The first storm disturbance of the year traveled over the Florida Panhandle yesterday [23 May]. Hurricane season officially runs from 1 June to 30 November.

The prediction agrees with independent forecasts issued by universities and agencies. All other forecasts but one predicted an above-average number of storms this year.

Full article here.

  1. […] Active Hurricane Season Expected in the Atlantic Ocean  […]

  2. Saighdear says:

    Really? Named storms, oh aye, ‘Och aye , the noo …. for an hour or so far out to sea ( too far to see ) So what’s the deal? race to see who can forecast some nonsense. Should have been here in inner M Firth TODAY. THrashed and trashed trees again. Transplanted “plants, of course” being blown out of the soil. Just waiting for more snow by the 10th June, nothing changed. THat echo in the Glen again – and if it’s not the Cuckoo …..

  3. oldbrew says:

    NOAA’s ENSO blog mentions wind shear:

    Another reason to care about the ENSO forecast is La Niña’s influence on the Atlantic hurricane season. La Niña conditions decrease the vertical wind shear—the difference between near-surface and upper-level winds—over the tropical Atlantic. Shear makes it harder for hurricanes to develop, so La Niña’s reduced shear can contribute to a more active hurricane season.
    – – –
    Of course, the forecasters will know that.

  4. Gamecock says:

    ‘Second, ocean waters in the Atlantic and the Caribbean Sea are warmer than average, fueling storms.’

    Bullshit. Ocean temperatures are NOT a limiting factor.

    ‘A study from European scientists published this year suggests that the active 2021 Atlantic hurricane season was made twice as likely by warming ocean waters.’


    La Niña conditions means we are likely to get more storms. Fine. We know that. The rest is junk science.

  5. Phoenix44 says:

    Gamecock, “made twice as likely by warming ocean waters” is complete gibberish.

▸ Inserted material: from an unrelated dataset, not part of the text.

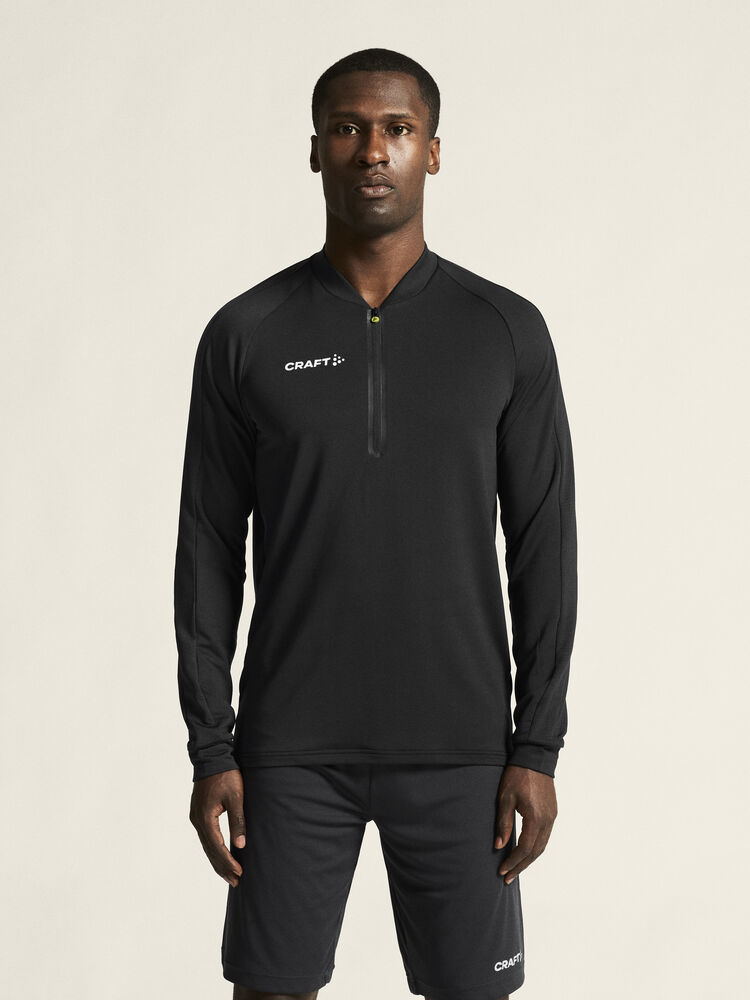 1912747-999000_Extend-Half-Zip-M_closeup4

They cannot possibly know that nor measure it. If I have a normal dice, my chances of throwing a six are 1/6. Now I say I might have loaded it to make the chance 1/3. You throw a six. Have I loaded the dice? You cannot know. The 2021 Hurricane season was possible without climate change – that’s implicit in their claim. Perhaps it had a low probability without climate change. But so what? Low probability events happen. Them happening doesn’t mean their probability has increased. It’s absolute nonsense.

  6. oldbrew says:

    Rare ‘Triple-Dip’ La Niña Increasingly Possible – What That Could Mean for Hurricane Season and Ongoing Drought
    May 13, 2022

    Right now, it’s unusually cool by spring standards.

    As of May 4, the central and eastern equatorial Pacific Ocean water was 1.2 degrees Celsius cooler than average, the coolest in May in 22 years, according to tropical scientist Dr. Phil Klotzbach.

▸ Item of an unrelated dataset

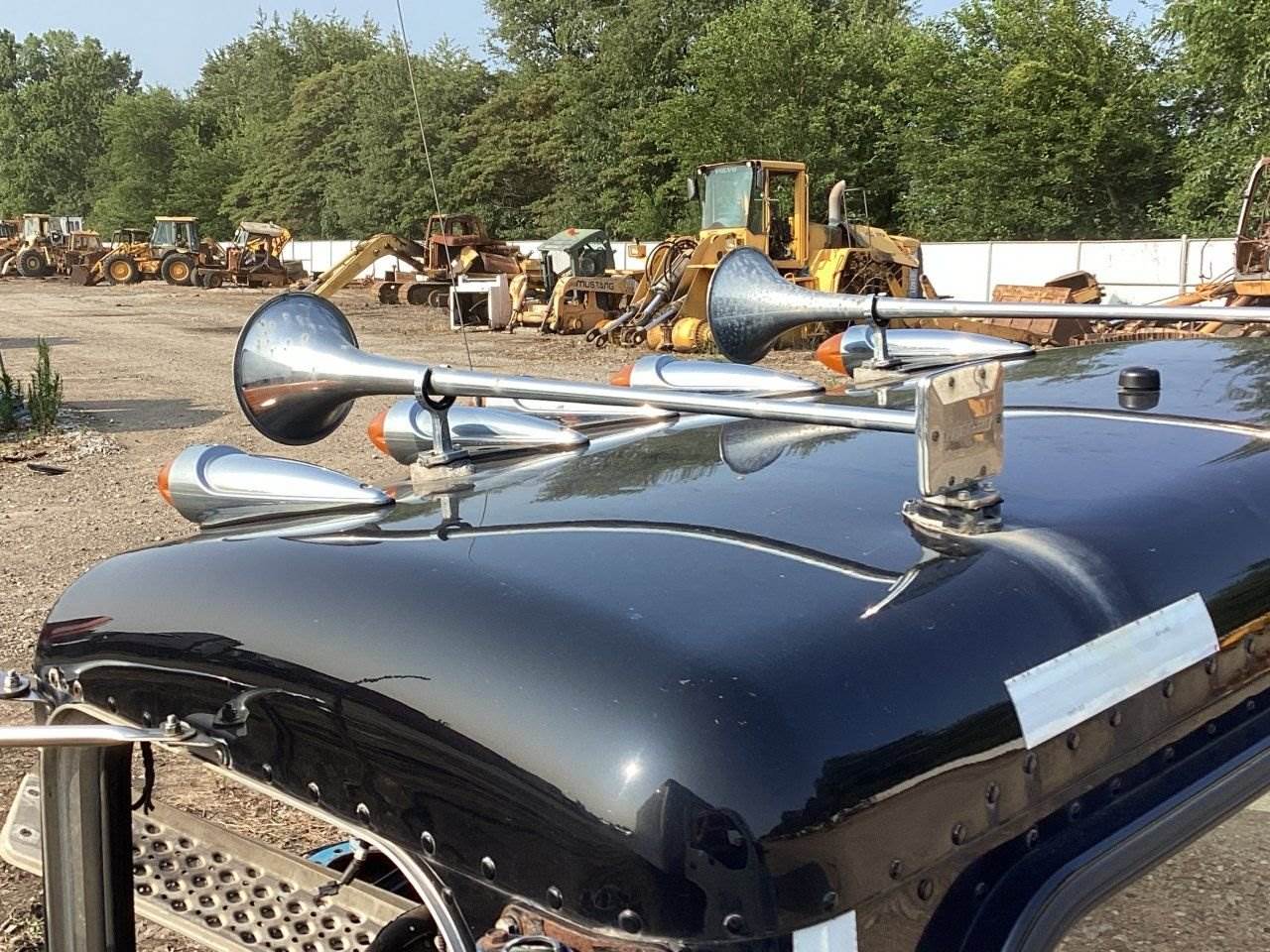 2017 Peterbilt 389 Horn For Sale Winimac, IN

    And April’s anomaly – 1.1 degrees cooler than average – tied a record cool anomaly with 1950, according to NOAA.
    – – –
    No warming ocean waters there.

  7. oldbrew says:

    Biden’s handlers up the ante on hurricane season
    By Joe Bastardi | June 1st, 2022

    JB trashes the climate alarmist politicians again.

  8. oldbrew says:

    One came in from the other direction…

    Hurricane Agatha hits Mexico’s Oaxaca state with 105mph winds
    31 May 2022

    A 105mph hurricane has become the strongest to ever make landfall in May in the eastern Pacific.

    Hurricane Agatha came ashore in southern Mexico’s Oaxaca state on Monday afternoon, bringing torrential rain, stormy seas and forcing people into shelters.

    It hit a sparsely populated area of beach towns and fishing villages.
    [see link for map]

  9. oldbrew says:

    Hurricane category isn’t the full picture. Scientists suggest it’s time for a new scale
    JUNE 2, 2022

    Scientists have long argued that the familiar Category 1 to 5 system that hurricane watchers are familiar with doesn’t do a good enough job explaining the risk of a storm. And they’ve proposed all kinds of new ways to categorize them.

    “If Katrina is a 3 on a 1-to-5 scale, then that scale is broken. We need to do something else,” said Phil Klotzbach, a Colorado State University meteorologist.